研究者・技術者出身のロボットベンチャーの起業家を招き、それぞれが取り組む事業紹介と「なぜ起業したか」「起業にあたっての障害とその克服」「起業して軌道に乗せるには何が必要か」「資金調達のポイント」「テックベンチャーのリスク」「起業の夢・楽しさ」などの話題を提供した。
シンポジウムの冒頭で坂本社長が同シンポジウムの趣旨を説明。「ロボットベンチャーでは、『技術的にできること』『顧客が欲しいこと』『コストが見合うこと』の3つが交差する部分が少なく、さらにその中で競合との競争がある。J字カーブを描く成長曲線の谷が深く、多額の資金が必要で、時間がかかる割に成長性が低いとも言えるロボットベンチャーをなぜやるのか、どのような勝算があるのか、どう資金調達したのか、有意義な話題を提供できる場にしたい」と話した。

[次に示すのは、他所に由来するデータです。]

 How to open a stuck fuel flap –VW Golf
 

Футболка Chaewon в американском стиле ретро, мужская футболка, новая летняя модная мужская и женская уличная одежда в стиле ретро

登壇したのは、ソーラーパネル清掃ロボットを開発する未来機械(香川県高松市)の三宅徹社長、水中ドローンの開発および製造を行うFullDepth(台東区)の伊藤昌平社長、飲食業向けロボットサービスの研究開発および販売を行うコネクテッドロボティクス(小金井市)の沢登哲也社長、生体信号・ロボット技術を利用したサイボーグ事業に取り組むメルティンMMI(中央区新川1)の粕谷昌宏社長。三宅社長は出張先のドバイからオンラインで参加した。
登壇者のプレゼンテーションの後、尹さんがファシリテーターとなり、4人の登壇者とパネルディスカッションを行った。「起業して良かったこと、つらかったこと」「起業する時、最初に相談すべき人、相談すべきでない人」「ハードウエアベンチャーとしての成長戦略について」などの質問に登壇者が実体験を元に回答を行い、参加者からも質問を受け付けた。100人近い参加者が、起業の実体験から得られた話題に聞き入った。

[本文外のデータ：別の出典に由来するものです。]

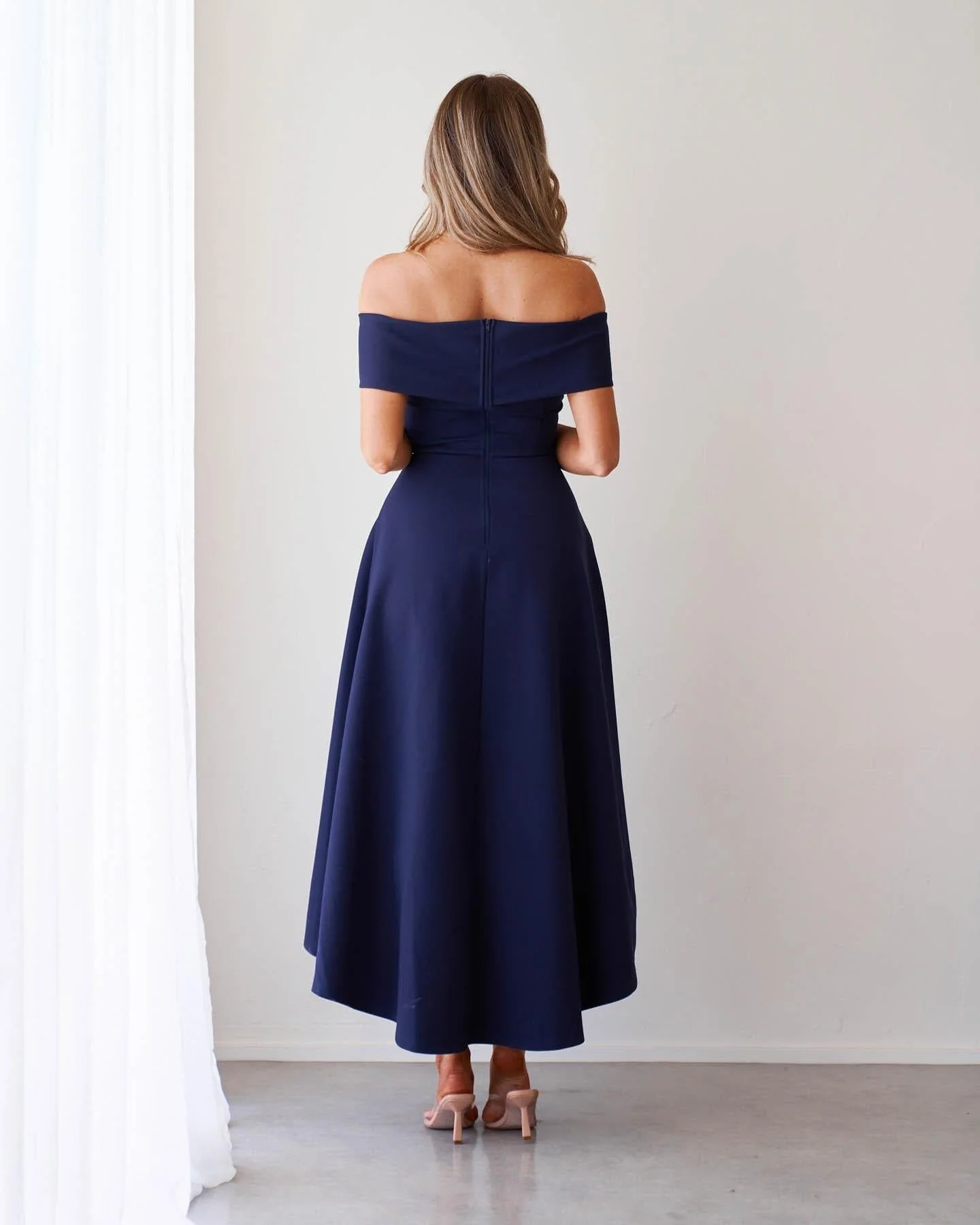 Belina Dress-Navy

パネルディスカッションで尹さんは「どのように資金調達すればいいのか、チームビルディングをどうすればいいのか、起業すると初めてで分からないことが多い。僕たちが得た『これをすると失敗する』というノウハウを次の世代に提供するエコシステムが重要。分からないことは、僕や目の前の登壇者のような経験者に話を聞きに来てほしい」と呼び掛けた。

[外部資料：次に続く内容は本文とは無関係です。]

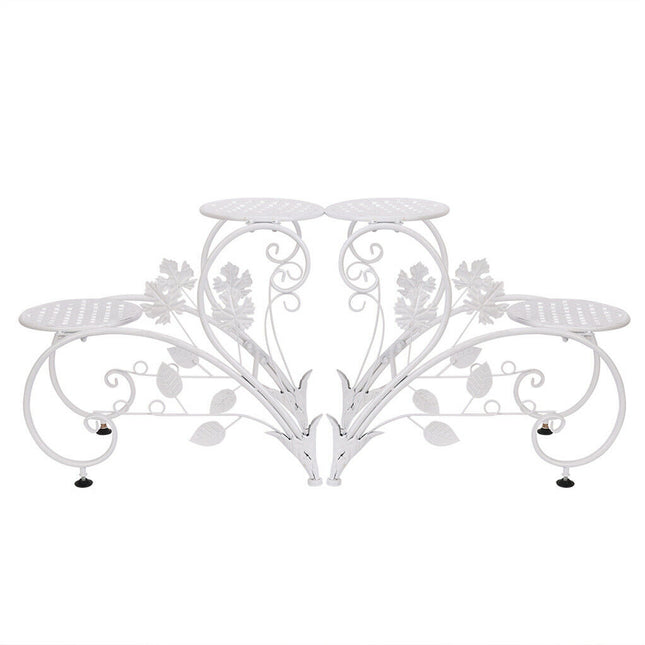 Set of 2 Plant Stand Wedding Garden Flower Shelf Rack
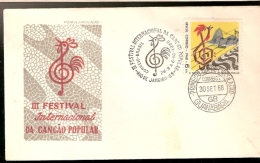 Brazil & FDC III Festival Of Popular Song, Guanabara 1968 (867) - FDC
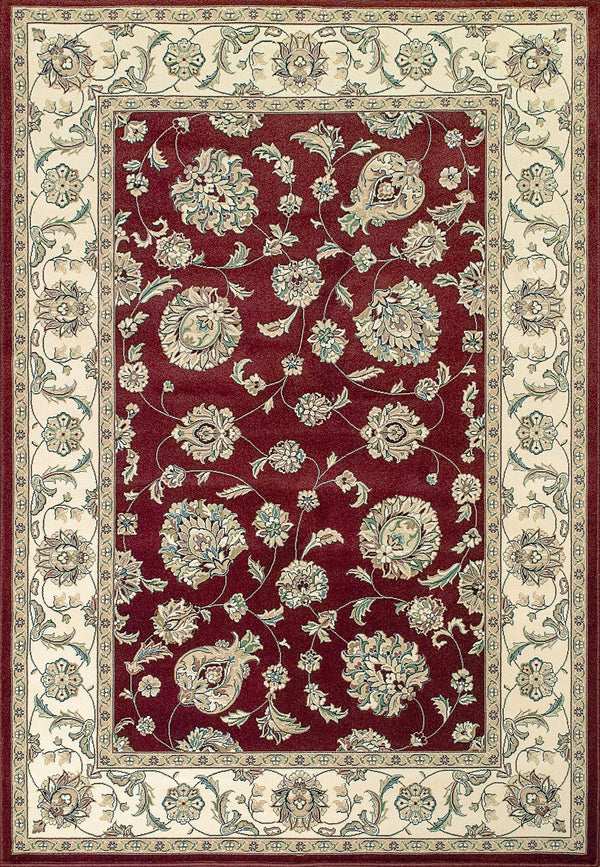 ANCIENT GARDEN 57365-1464 RED/IVORY - Modern Rug Importers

坂本社長は「ハードウエアベンチャーの難しさを克服するヒントがいくつも得られた。極限環境で使われるロボットがビジネス化しやすい傾向にあるが、課題を明確にして顧客のニーズに向けて作り込むことがポイント。味方になってくれる、お互いに成長できるような良い顧客とつながることも重要。資金調達は自分の魅力を伝えるセールス。生い立ちから一貫したストーリーで今に至っている社長は、ベンチャーキャピタルからの支持も得られやすい」と話した。
「シリコンバレーでは『クレイジーであればあるほど成功に近づく』とも言われている。後に続く若手の皆さんも大きな夢を持って起業してもらいたい」とシンポジウムを振り返った。